Activity: Write down, unchanged, the entries from the first line through the line holding "21102215011, �������� ����� 21102215011 ����". Include no other line.

:: The input ::

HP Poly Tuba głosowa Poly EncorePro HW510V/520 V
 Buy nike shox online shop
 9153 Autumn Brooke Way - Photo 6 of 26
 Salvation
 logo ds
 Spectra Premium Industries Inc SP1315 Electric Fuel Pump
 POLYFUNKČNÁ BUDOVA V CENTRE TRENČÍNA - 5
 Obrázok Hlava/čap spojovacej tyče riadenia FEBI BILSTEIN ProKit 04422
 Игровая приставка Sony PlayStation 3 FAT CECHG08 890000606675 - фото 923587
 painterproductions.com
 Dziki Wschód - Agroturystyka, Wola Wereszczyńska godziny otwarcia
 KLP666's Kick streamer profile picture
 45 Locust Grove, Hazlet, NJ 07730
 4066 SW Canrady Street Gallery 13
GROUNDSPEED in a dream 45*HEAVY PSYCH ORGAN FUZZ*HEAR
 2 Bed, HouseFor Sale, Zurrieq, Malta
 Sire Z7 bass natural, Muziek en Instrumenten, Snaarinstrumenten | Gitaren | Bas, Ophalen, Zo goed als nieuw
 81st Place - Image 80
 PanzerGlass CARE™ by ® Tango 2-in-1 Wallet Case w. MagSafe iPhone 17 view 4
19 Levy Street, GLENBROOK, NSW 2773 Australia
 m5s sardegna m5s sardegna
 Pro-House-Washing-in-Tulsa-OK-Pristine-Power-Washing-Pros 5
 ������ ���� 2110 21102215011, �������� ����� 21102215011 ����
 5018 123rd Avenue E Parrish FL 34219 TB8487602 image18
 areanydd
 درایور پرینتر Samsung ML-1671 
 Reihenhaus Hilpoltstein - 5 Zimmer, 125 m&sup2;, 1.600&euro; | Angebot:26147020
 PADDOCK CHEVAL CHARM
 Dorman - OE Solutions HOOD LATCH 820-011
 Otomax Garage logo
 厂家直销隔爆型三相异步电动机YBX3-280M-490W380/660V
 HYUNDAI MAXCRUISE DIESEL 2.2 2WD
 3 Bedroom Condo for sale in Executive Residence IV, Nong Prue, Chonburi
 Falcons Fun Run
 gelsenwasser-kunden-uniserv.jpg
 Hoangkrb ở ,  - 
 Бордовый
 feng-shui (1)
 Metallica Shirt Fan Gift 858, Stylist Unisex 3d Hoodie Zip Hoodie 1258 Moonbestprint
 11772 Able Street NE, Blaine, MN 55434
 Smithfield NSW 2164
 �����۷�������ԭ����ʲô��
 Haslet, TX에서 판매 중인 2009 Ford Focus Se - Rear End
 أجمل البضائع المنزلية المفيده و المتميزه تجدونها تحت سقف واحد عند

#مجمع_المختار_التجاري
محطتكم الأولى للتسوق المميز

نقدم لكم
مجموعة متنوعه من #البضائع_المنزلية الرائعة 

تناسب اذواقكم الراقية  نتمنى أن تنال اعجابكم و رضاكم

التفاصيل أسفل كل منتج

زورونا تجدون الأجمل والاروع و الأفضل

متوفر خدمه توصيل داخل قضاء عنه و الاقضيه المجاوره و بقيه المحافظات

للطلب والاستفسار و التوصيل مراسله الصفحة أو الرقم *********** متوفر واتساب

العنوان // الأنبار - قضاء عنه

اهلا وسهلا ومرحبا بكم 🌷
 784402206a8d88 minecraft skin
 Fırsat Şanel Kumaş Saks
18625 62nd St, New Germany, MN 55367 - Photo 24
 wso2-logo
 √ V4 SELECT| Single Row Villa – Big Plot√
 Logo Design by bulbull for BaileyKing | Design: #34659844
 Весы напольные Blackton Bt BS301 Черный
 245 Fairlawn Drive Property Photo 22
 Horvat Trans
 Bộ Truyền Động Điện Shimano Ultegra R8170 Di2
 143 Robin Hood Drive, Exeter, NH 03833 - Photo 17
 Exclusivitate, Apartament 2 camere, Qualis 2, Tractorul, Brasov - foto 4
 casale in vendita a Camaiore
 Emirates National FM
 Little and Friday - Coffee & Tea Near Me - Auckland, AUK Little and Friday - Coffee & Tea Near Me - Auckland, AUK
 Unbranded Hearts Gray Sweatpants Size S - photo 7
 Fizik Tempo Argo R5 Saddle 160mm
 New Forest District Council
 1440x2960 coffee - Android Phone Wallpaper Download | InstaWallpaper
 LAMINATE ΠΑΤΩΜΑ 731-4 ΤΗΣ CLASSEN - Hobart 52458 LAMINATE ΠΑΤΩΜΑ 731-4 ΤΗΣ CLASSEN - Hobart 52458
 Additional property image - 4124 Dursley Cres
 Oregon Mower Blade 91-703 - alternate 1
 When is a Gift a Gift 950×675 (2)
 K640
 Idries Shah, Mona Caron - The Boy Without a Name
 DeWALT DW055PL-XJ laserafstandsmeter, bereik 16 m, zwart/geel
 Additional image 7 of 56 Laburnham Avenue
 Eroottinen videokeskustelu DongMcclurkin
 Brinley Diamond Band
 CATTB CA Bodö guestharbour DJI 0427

:::

Answer for the task:
HP Poly Tuba głosowa Poly EncorePro HW510V/520 V
 Buy nike shox online shop
 9153 Autumn Brooke Way - Photo 6 of 26
 Salvation
 logo ds
 Spectra Premium Industries Inc SP1315 Electric Fuel Pump
 POLYFUNKČNÁ BUDOVA V CENTRE TRENČÍNA - 5
 Obrázok Hlava/čap spojovacej tyče riadenia FEBI BILSTEIN ProKit 04422
 Игровая приставка Sony PlayStation 3 FAT CECHG08 890000606675 - фото 923587
 painterproductions.com
 Dziki Wschód - Agroturystyka, Wola Wereszczyńska godziny otwarcia
 KLP666's Kick streamer profile picture
 45 Locust Grove, Hazlet, NJ 07730
 4066 SW Canrady Street Gallery 13
GROUNDSPEED in a dream 45*HEAVY PSYCH ORGAN FUZZ*HEAR
 2 Bed, HouseFor Sale, Zurrieq, Malta
 Sire Z7 bass natural, Muziek en Instrumenten, Snaarinstrumenten | Gitaren | Bas, Ophalen, Zo goed als nieuw
 81st Place - Image 80
 PanzerGlass CARE™ by ® Tango 2-in-1 Wallet Case w. MagSafe iPhone 17 view 4
19 Levy Street, GLENBROOK, NSW 2773 Australia
 m5s sardegna m5s sardegna
 Pro-House-Washing-in-Tulsa-OK-Pristine-Power-Washing-Pros 5
 ������ ���� 2110 21102215011, �������� ����� 21102215011 ����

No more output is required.